Víctor Hugo Martínez González*
Escritor imprescindible, multidimensional y a la vez único, Sergio Pitol (1933-2018) es y seguirá siendo fundamental en la literatura del siglo pasado en nuestro país. Este ensayo, a noventa años de su natalicio, nos conduce por los derroteros esenciales de su pensamiento tan diversificado en sus libros: El tañido de una flauta, Juegos florales’, El desfile del amo’, Domar a la divina garza, El arte de la fuga, por mencionar sólo algunos.
Escribir significa conquistar una forma personal e inconfundible, pero marcar de ese modo al lenguaje está reservado a una minoría de escritores.

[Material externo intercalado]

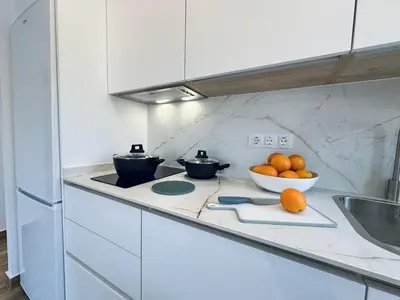 a kitchen with a counter with a bowl of oranges at Apartamentos Turísticos Santo Rostro in Chipiona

Topamos con esa grandeza al leer en Chéjov los silencios, que en sus cuentos lo dicen todo. Disfrutamos de ese prodigio en Henry James y su “punto de vista”. Los diálogos de Hemingway, la lucidez de Onetti o la captura del instante en Saer, forman un universo propio. Sergio Pitol pertenece a esa estirpe fuera de serie.

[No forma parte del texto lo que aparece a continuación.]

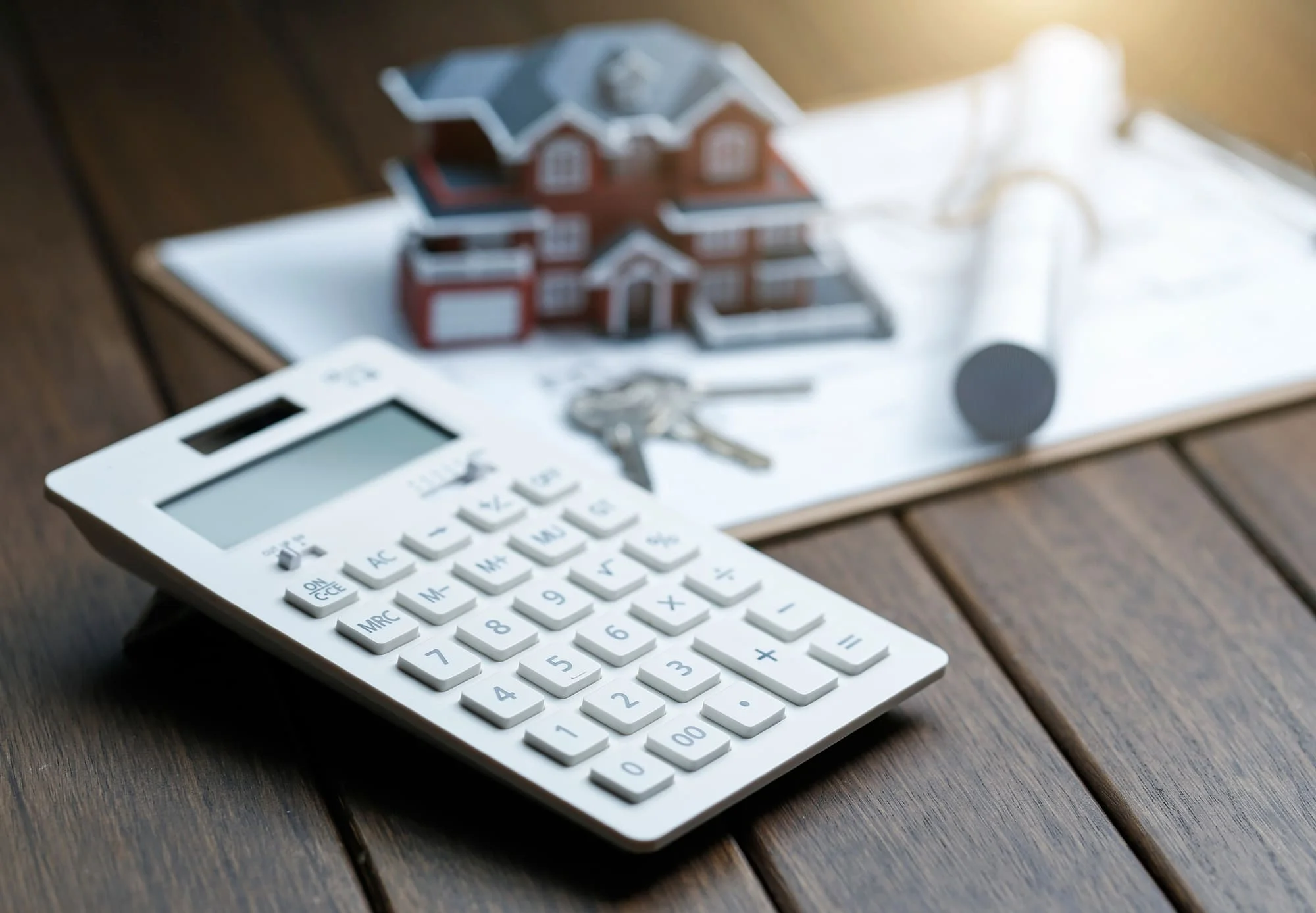 Calculator, small house model, keys and a blueprint on a wooden table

Conquistar una forma de escritura supone, como condición necesaria pero insuficiente, un arduo trabajo y preparación de los insumos estilísticos. Lo decía Pitol al defender que la literatura no es sólo obra de musas caprichosas, pues ese momento inspirado puede escaparse ante la insuficiencia de recursos para transitar de una descripción a una escritura en la que el mundo se resignifica. En su cuento “Del encuentro nupcial”, en el que el centro es precisamente la composición de un relato, Pitol muestra el instante preciso en que un esbozo de historia se anula ante el desfase entre ilusiones y herramientas del escritor. En El arte de la fuga, sentado en su escritorio en Varsovia, Pitol divagaba sobre el ímpetu de saltar a la calle y sufrir el riesgo de que un relato se frustrara al despegarse del cruce glorioso entre inspiración y trabajo. En El Mago de Viena lo escribe con maestría: “cuando un punto de la realidad estalla, todo se pone en movimiento”; es entonces, en esa fugacidad irrepetible, cuando un escritor puede mirarlo todo de modo distinto y condensar ese trance en una forma inducida por las corrientes subterráneas de su conciencia. Abriendo su taller creativo, en Una autobiografía soterrada Pitol comparte estas y otras enseñanzas.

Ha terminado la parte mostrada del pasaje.